Georgia offensive coordinator Jim Chaney’s coaching career goes back for more than 30 years, including a stint at Purdue when he tutored Drew Brees.
So when he hears the suggestion that current players, especially quarterbacks, are more impatient about getting on the field than their predecessors, and thus are more inclined to transfer, he laughs.
“Everybody wants to play; everybody’s always wanted to play,” Caldwell said Sunday at a media session previewing Tuesday’s Allstate Sugar Bowl between the Bulldogs and Texas. “Everybody’s just talking about it more now.”
Case in point — Caldwell’s own team.
Bulldogs freshman Justin Fields, the No. 2 ranked quarterback recruit in the country last year, has filed the necessary transfer papers with the NCAA after failing to dislodge sophomore starter Jake Fromm.
It was Fromm, who a year ago replaced injured incumbent Jacob Eason in the opener and went on to become Southeastern Conference Freshman of the Year as the Bulldogs reached the CFP championship game. Eason, in turn, transferred to Washington where he sat out this season.
Meanwhile Fields, in an unusual decision, has remained with the team and will be Fromm’s backup — and the only other scholarship quarterback on the roster — for the Sugar Bowl.
“First, I want to be a good teammate,” Fromm said Sunday. “So any way I can help Justin, I definitely am.
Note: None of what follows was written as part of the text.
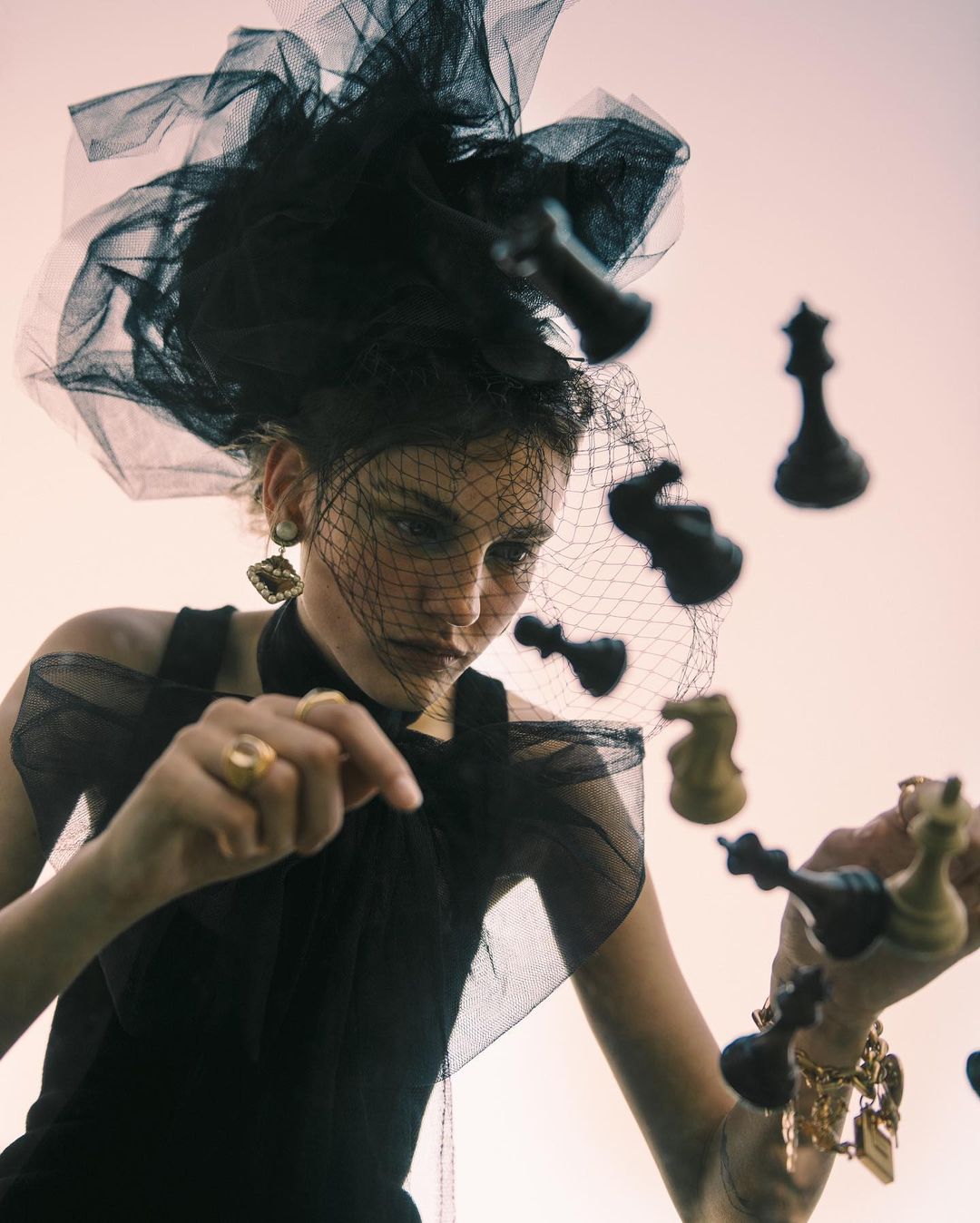 Woman in dramatic black tulle headpiece and dress surrounded by chess pieces in a fashion editorial, shot from a low angle.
“But he and I have not personally talked about it (transferring). Right now, I think both of us are more worried about this football game and making the best it can be.”
Chaney agreed, calling the situation “challenging,” but adding that Fields’ future with Georgia hasn’t changed game-planning for the bowl.
Georgia is hardly the only team with a high-profile quarterback transfer situation.
At Clemson, true freshman Trevor Lawrence, a Georgian like Fields and the No. 1 quarterback prospect from a year ago, replaced incumbent Kelly Bryant four games into the season, and has since led the Tigers to the CFP title game capped by Saturday’s 30-3 semifinal victory against Notre Dame.
Bryant, who was 16-2 as a starter, left the team after the demotion and has since transferred to Missouri where he will be eligible in 2019.
But at Alabama, Jalen Hurts, who lost his starting job to Tua Tagovailoa one game into this season has stayed on, rallying the Crimson Tide in the SEC championship game against Georgia when Tagovailoa was injured, although he was on the field for only a handful of snaps in the CFP semifinal victory against Oklahoma. Hurts could still transfer after the title game.
To ESPN analyst Todd Blackledge, who will be working the Sugar Bowl, it just goes to show the uniqueness of playing quarterback where sharing starting duties is a rarity and backups have fewer playing opportunities than at other positions.
“You can be a backup running back or lineman and still rotate in or be on special teams,” he said. “But that doesn’t apply when you’re a quarterback except in special packages or mop-up situations.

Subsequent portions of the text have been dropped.